The Well walk an intriguing line between authentic early 70s doom/heavy psych and the more frayed-edge-of-sanity weirdness of their hometown’s legendary noise rock scene, whilst also splicing in shades of chamber choir vocals, occult rock and dark folk.
Sonically, Pagan Science picks up where The Well — bassist/vocalist Lisa Alley, guitarist/ vocalist Ian Graham and drummer Jason Sullivan — left off with their widely heralded 2014 RidingEasy debut Samsara. Here, the band’s heavy psych, proto-metal sound growing evermore vast, yet more focused on hooks, and their lyrics more conceptually intricate. Part of a running thread throughout the album’s introspective lyrics is the notion that the world outside of one’s own mind is also a creation and reflection of the interior world of that mind. And, just like the band’s sound is one thing (undeniably heavy) and simultaneously another (dark folk, blues… there’s even a Crosby, Stills & Nash cover, “Guinnevere”), it’s this multiplicity that makes Pagan Science such a captivating record.
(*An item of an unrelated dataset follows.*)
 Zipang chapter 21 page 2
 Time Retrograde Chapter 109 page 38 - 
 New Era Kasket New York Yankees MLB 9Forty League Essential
Pagan Science was recorded with producer/engineer Chico Jones at Micro Mega Studio in 2016. Jones also previously engineered the band’s debut album Samsara with producer Mark Deutrom [Melvins, Sunn0)))] in 2013. Samsara, released late September 2014 was ranked the #1 debut album of 2014 by The Obelisk and widely praised in the press. Likewise, the band’s intense — some even say “possessed” — live performances have earned them featured slots at Austin’s Levitation Fest in 2015 & 2016, as well as tours with Kadavar, All Them Witches, Black Tusk and more.
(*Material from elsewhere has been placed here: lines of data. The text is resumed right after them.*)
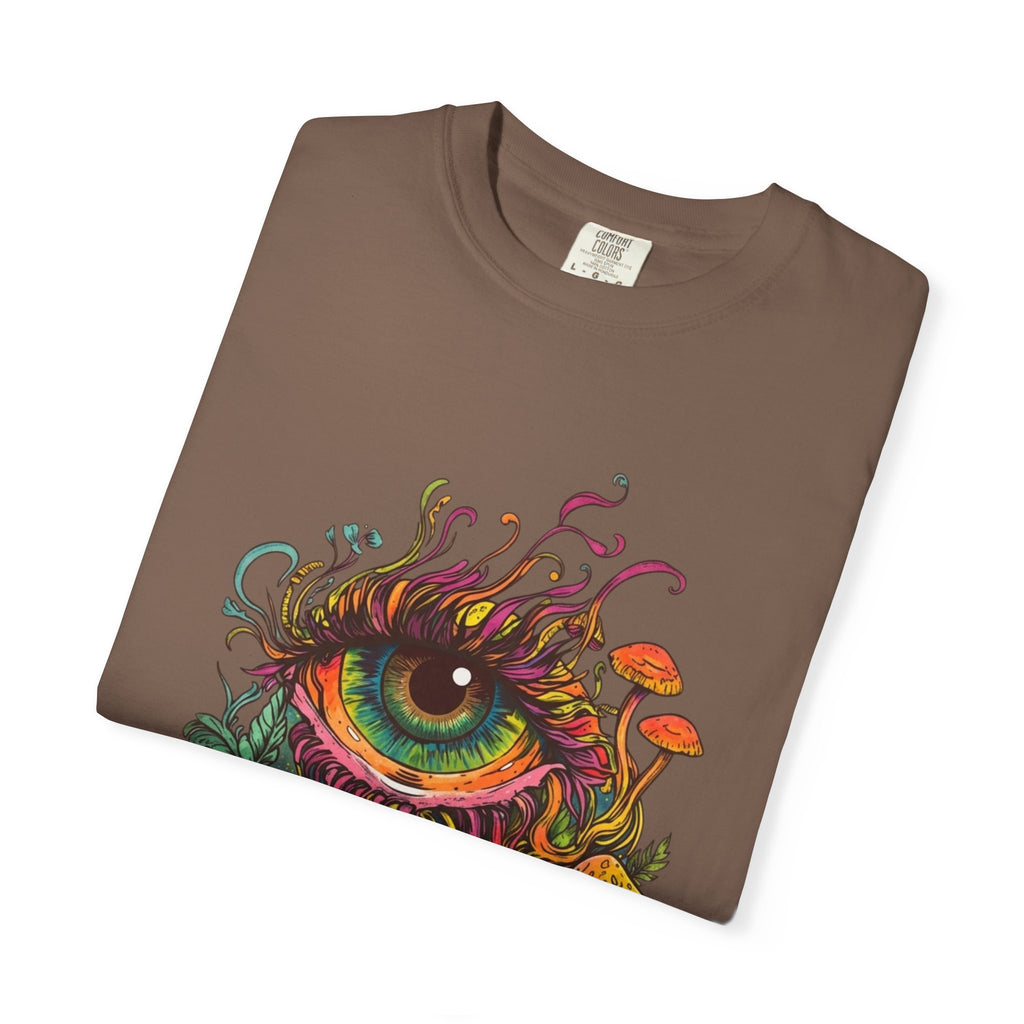 Psychedelic Eye T-Shirt — Trippy Graphic Tee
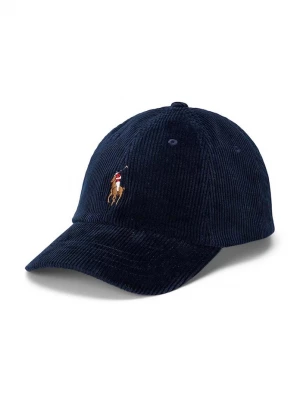 Obrázek produktu Polo Ralph Lauren Bavlněná baseballová čepice černá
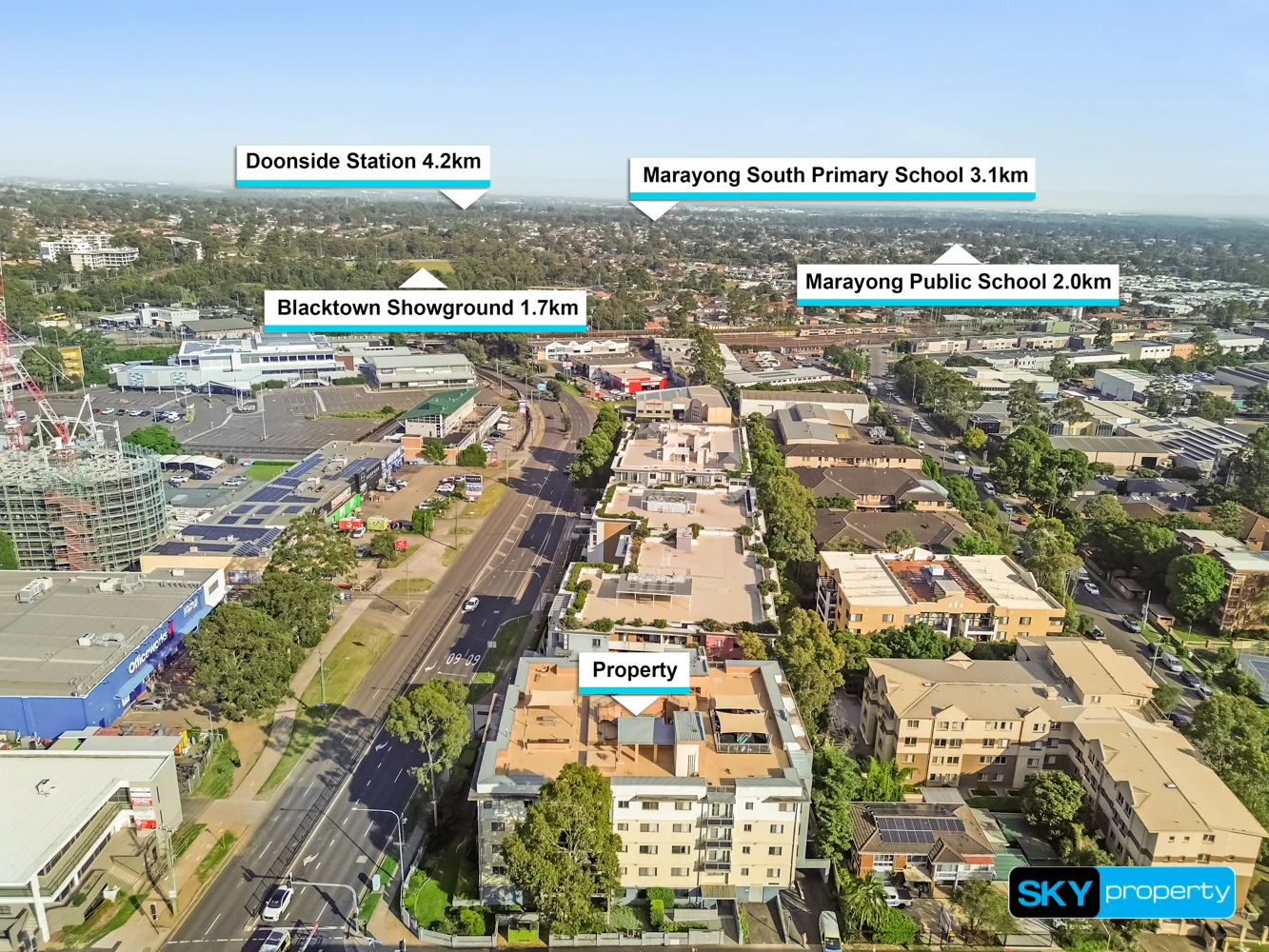 Additional image 16 of 29/17-19 Third Avenue, Blacktown NSW 2148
The album kicks off with a looped vocal harmony launching a slithering guitar riff and thunderous drums on “Black Eyed Gods” in which the band’s dual vocalists sing in unison throughout like Byzantine monks. “Skybound” starts with a fast churning riff with vocals run through heavy delay and reverb until the drums cut out briefly, then, dropping to half- time the song becomes a massive psychedelic throb as the vocals continue to loop onto themselves above the proceedings. “A Pilgrimage” takes a slower groove, accented by pulsing congas and single note Middle Eastern sounding guitar progression. “Byzantine” begins with monk-like chants, swelling cymbals and droning guitars building up to pounding toms until it all coalesces in a massive eruption. “Choir of the Stars” slowly builds over a lugubrious bass line as a snarling slide guitar weaves throughout, while haunting sounds of yelping coyotes echo in the background. The song ends in a pig-like guitar squeal as “Brambles” begins beneath. Syrupy guitars merge with Alley’s and Graham’s unison vocals to form a slowly building monolithic sound describing a paranoid chant. Throughout, Pagan Science channels the supercharged no-frills hard blues of Blue Cheer and Deep Purple while adding multiple layers of effects, entrancing vocals and the dark thrill of a funhouse hall of mirrors.